A larger bench of the Calcutta High Court will take up the case involving the arrests in the Narada bribery case on Monday after all four Bengal politicians – including two ministers – were sent to house arrest after two judges of the division bench could not agree on interim bail for them.

Acting Chief Justice Rajesh Bindal, and Justices IP Mukerji, Harish Tandon, Soumen Sen and Arijit Banerjee will comprise the bench which will take up the Narada scandal related case at 11 am.
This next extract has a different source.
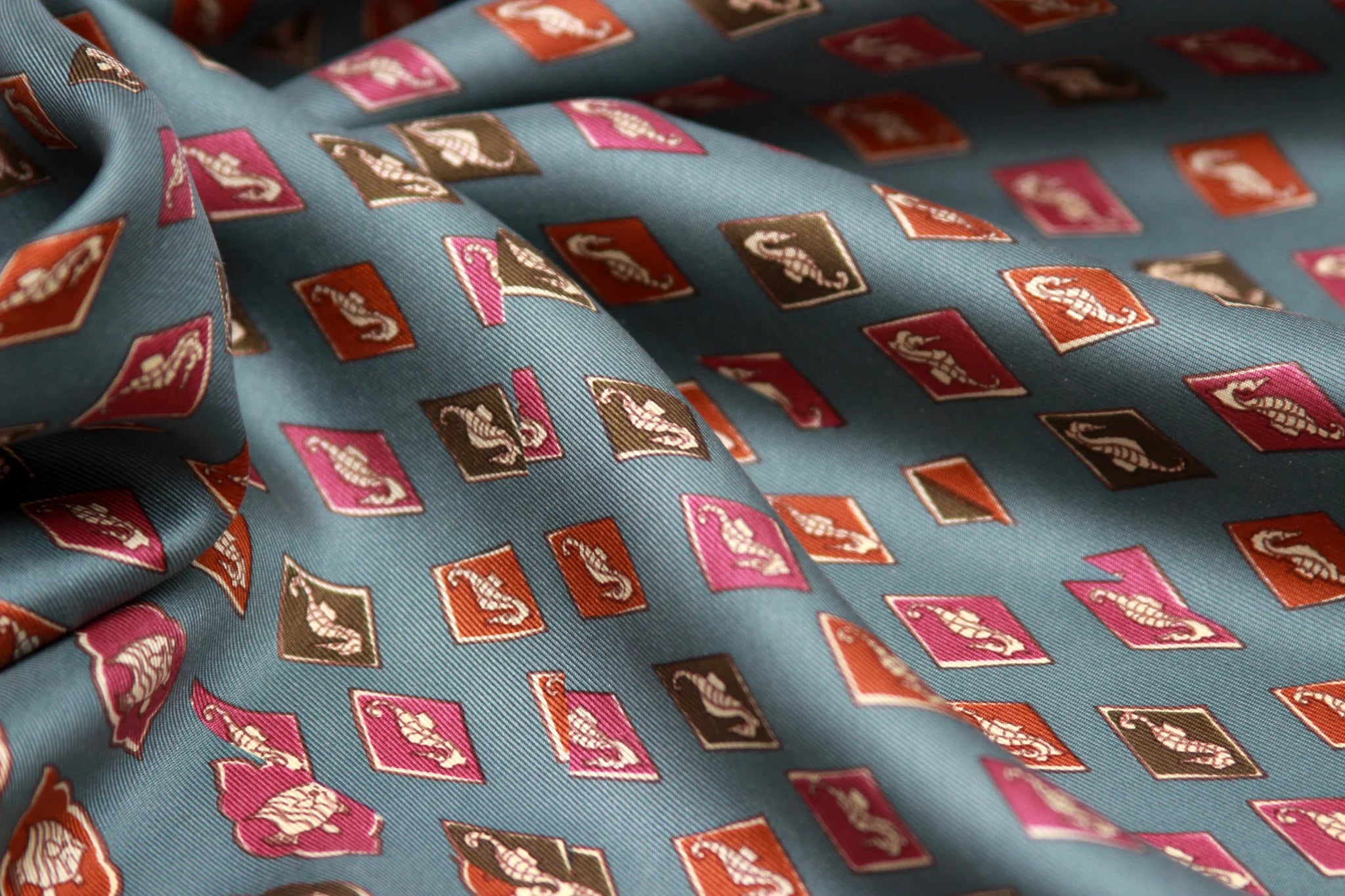 40"W x 40"L 100%Silk Fabric Piece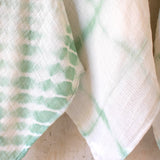 Set of 3 seafoam hand-dyed tea towels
Earlier in the day, after a courtroom drama to rival the best on the silver screen, two of Mamata Banerjee’s senior ministers and two other political heavyweights, arrested and jailed in the Narada bribery case, were put under house arrest.

Rejecting the CBI’s plea against the house arrest order, the court also allowed the ministers to access files and hold video conferences to deal with the coronavirus crisis in the state.

The order was passed after a difference of opinion split the two-member bench – Acting Chief Justice Rajesh Bindal ordered house arrest but Justice Arijit Banerjee ordered interim bail.

Trinamool MP Kalyan Banerjee – also named by the CBI in the case – had requested for the higher bench to be set up.

The court also rejected a CBI request to stay its house arrest order – which will mean the four can now leave jail. The agency had argued the four were influential leaders and could threaten witnesses.

Sources, however, said the CBI can challenge the order in the Supreme Court.

Lawyers for the CBI and the four politicians both opposed the house arrest orders during the day’s hearing.

Appearing for the central agency Solicitor General Tushar Mehta asked the court to stay its order and keep the four leaders in custody; he said they could threaten witnesses and the system.

The agency wants all proceedings to be transferred out of state and to itself – a special CBI court.

Senior advocates Abhishek Singhvi and Sidharth Luthra pressed for an interim bail for their clients and asked the larger bench be constituted as soon as possible. They argued house arrest, which they said was ordered mid-way through the hearing, meant their plea was rejected.

The four politicians – Mr Hakim, Mr Mukherjee, MLA Madan Mitra and former Trinamool member Sovan Chatterjee – were arrested Monday morning from their residences in the city.

The arrests led to massive protests and a furious Mamata Banerjee, who has been made a party to the case raced to the CBI’s Kolkata office, daring investigators to arrest her too.

The Trinamool has questioned the timing of these arrests, which come days after Ms Banerjee’s victory in April-May elections that devolved into a battle with Prime Minister Narendra Modi.

The party has also questioned the decision to not prosecute Suvendu Adhikari – an ex-Trinamool member who is now a BJP MLA – and Mukul Roy – another ex-party leader now with the BJP.

The Narada case involves a 2014 sting op by a journalist who posed as a businessman planning to invest in Bengal. He gave wads of cash to seven Trinamool MPs, four ministers, one MLA and a police officer as a bribe and taped the entire exchange.

The tapes were released just before the 2016 assembly elections in the state.